Did she or didn't she? The burning question, at least to Bob Slatzer, author of "The Marilyn Files," is whether Marilyn Monroe committed suicide or was murdered, and if she was killed, who did it and who covered it up. KTLA's two-hour live show based on the book answers a different question: Should a grand jury reopen the investigation into Monroe's death?
Did she or didn’t she? The burning question, at least to Bob Slatzer, author of “The Marilyn Files,” is whether Marilyn Monroe committed suicide or was murdered, and if she was killed, who did it and who covered it up. KTLA’s two-hour live show based on the book answers a different question: Should a grand jury reopen the investigation into Monroe’s death?

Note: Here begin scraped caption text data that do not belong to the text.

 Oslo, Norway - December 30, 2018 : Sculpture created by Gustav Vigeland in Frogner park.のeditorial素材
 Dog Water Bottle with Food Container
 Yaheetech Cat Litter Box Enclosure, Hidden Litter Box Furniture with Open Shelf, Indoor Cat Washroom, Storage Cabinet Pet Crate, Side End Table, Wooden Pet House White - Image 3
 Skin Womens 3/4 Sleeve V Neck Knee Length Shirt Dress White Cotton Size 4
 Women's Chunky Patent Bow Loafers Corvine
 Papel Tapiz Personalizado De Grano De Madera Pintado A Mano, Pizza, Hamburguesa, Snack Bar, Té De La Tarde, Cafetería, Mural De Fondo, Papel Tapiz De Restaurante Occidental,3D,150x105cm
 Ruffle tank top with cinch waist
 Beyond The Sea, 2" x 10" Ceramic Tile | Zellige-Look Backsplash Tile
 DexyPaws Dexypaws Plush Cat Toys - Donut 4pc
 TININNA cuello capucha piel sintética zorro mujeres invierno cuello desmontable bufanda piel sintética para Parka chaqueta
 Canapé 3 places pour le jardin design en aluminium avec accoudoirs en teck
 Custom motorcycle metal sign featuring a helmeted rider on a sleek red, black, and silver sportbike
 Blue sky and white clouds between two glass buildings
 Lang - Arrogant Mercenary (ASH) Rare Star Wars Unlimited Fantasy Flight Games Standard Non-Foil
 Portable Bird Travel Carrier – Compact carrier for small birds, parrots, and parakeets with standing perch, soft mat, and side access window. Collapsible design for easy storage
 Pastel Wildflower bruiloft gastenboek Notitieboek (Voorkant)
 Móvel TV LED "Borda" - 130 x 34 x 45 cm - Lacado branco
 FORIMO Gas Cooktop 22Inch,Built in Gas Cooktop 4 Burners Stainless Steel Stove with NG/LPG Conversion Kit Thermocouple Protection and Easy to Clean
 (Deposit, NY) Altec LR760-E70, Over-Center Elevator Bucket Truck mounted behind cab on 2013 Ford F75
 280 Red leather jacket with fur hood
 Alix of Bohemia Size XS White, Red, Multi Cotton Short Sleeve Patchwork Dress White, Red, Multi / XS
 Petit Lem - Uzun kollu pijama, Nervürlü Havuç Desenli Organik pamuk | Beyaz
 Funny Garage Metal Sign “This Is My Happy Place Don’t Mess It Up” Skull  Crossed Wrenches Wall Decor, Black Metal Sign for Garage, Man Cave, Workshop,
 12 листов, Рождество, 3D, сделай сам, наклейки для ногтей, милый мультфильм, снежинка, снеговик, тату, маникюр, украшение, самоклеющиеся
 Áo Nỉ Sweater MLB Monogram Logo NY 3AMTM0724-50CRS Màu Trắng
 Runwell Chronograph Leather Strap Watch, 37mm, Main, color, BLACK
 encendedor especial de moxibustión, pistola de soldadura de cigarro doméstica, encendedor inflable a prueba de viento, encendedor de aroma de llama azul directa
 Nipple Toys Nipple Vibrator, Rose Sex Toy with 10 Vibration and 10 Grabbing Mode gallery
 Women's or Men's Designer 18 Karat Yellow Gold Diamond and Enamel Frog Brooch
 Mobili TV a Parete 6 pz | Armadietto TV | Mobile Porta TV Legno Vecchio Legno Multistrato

Based on the evidence presented in this surprisingly dull show, the answer from a panel of five former district attorneys and attorneys general is a resounding yes.
Co-hosts Bill Bixby and Jane Wallace seem to have modeled their performances on Geraldo Rivera’s during his live opening of Al Capone’s vaults. But as in that show, all the vamping and attempts to create suspense lead to a big nothing.
Bixby and Wallace are constantly craning their necks to look at monitors awkwardly placed behind them on a stage crowded with a replica of Marilyn’s bedroom and the judges. He intones, she grins.
Rounding up the usual suspects –John and Robert Kennedy, the Mafia, the CIA and the FBI, the Secret Service, the L.A. County coroner and Monroe’s doctors–“The Marilyn Files” purports to punch holes in the “official investigation.” If it accomplishes nothing else, this program shows there was widespread bungling. Big surprise.
Glossing blithely over the holes in its own story, “Marilyn Files” digs up discredited witnesses, tarnishes the reputations of those who have chosen to stay silent and attacks those foolish enough to show up in front of the studio audience and the panel of judges.
For instance, the show concludes that Bobby Kennedy was responsible for Monroe’s death because he was at her home that night and they had a loud fight. Slatzer alleges that the argument was taped by a private investigator, although Slatzer has never seen or heard the tape. But apparently the possibility never occurred to those behind this show that Monroe, despondent over the end of her relationship with Kennedy, actually could have killed herself.
By show’s end, one is left wondering what it is about the Kennedys that creates so many conspiracy theories around them, and who, since most of the principals are dead, could possibly benefit from such tripe as “The Marilyn Files.”